6. The system of claim 4 further including a shunt resistance element in each of said two filter sections and wherein said shunt resistance element of each of said two filter sections is returned to said negative terminal of the non corresponding one of said two audio power amplifiers.

7. The system of claim 6 further including an inductive reactance in series with said shunt resistance of said each of said two filter sections.

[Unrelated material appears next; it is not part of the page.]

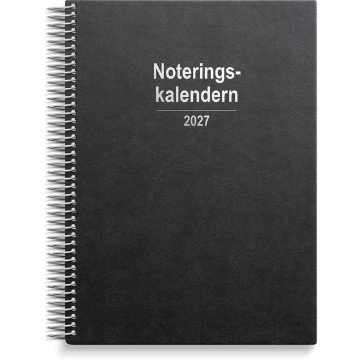 Almanacka Burde 1230 Noteringskalendern Konstläder 2027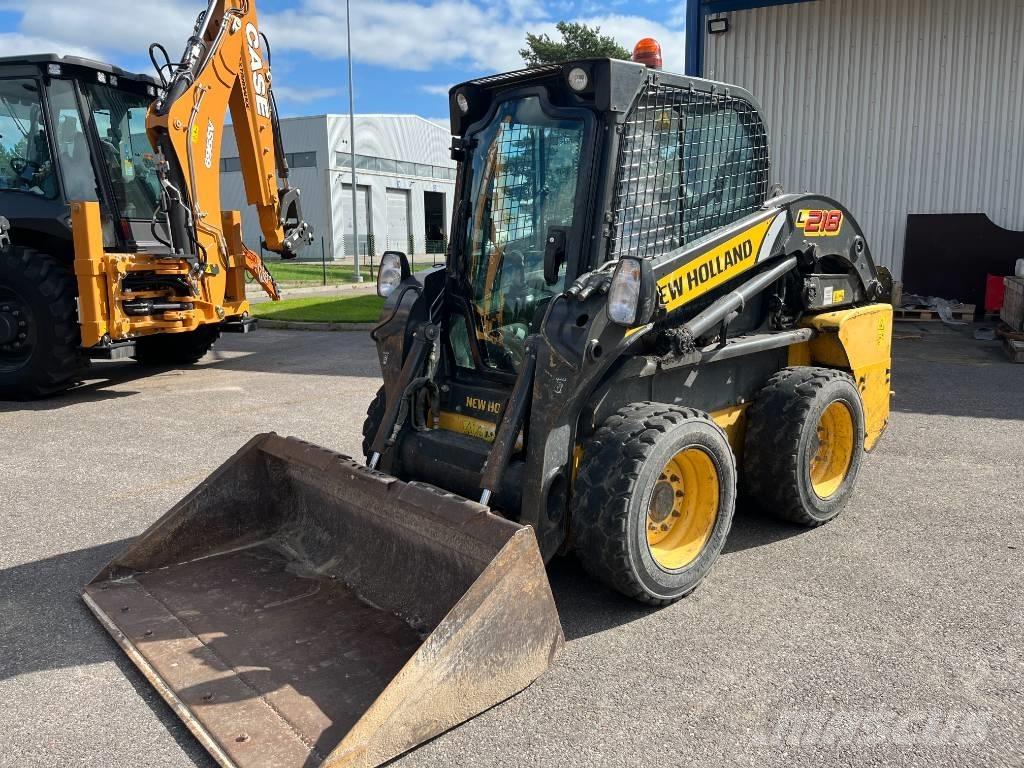 New Holland L 218 Kompaktlastare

8. A sound reproducing system comprising:

two audio power amplifiers and two loudspeakers, said two audio power amplifiers each having a positive output terminal connected to a positive loudspeaker connecting lead, and a negative output terminal connected to a negative loudspeaker connecting lead, said positive loudspeaker connecting leads and said negative loudspeaker connecting leads being connected to said two loudspeakers, respectively, said two loudspeakers, in response to acoustic energy, producing back EMF electrical signals that undesirably interact with said two audio power amplifiers to produce distortion and reverberation, and coupling means connected between both of said positive output terminals of said two audio power amplifiers, said coupling means operating primarily on frequencies in the audio band and attenuating frequencies above said audio band.

9. The system of claim 8 wherein said coupling means attenuates frequencies between DC and approximately 10 KHz in the range of 40 to 70 dB, and increases attenuation with increasing frequency above about 10 KHz.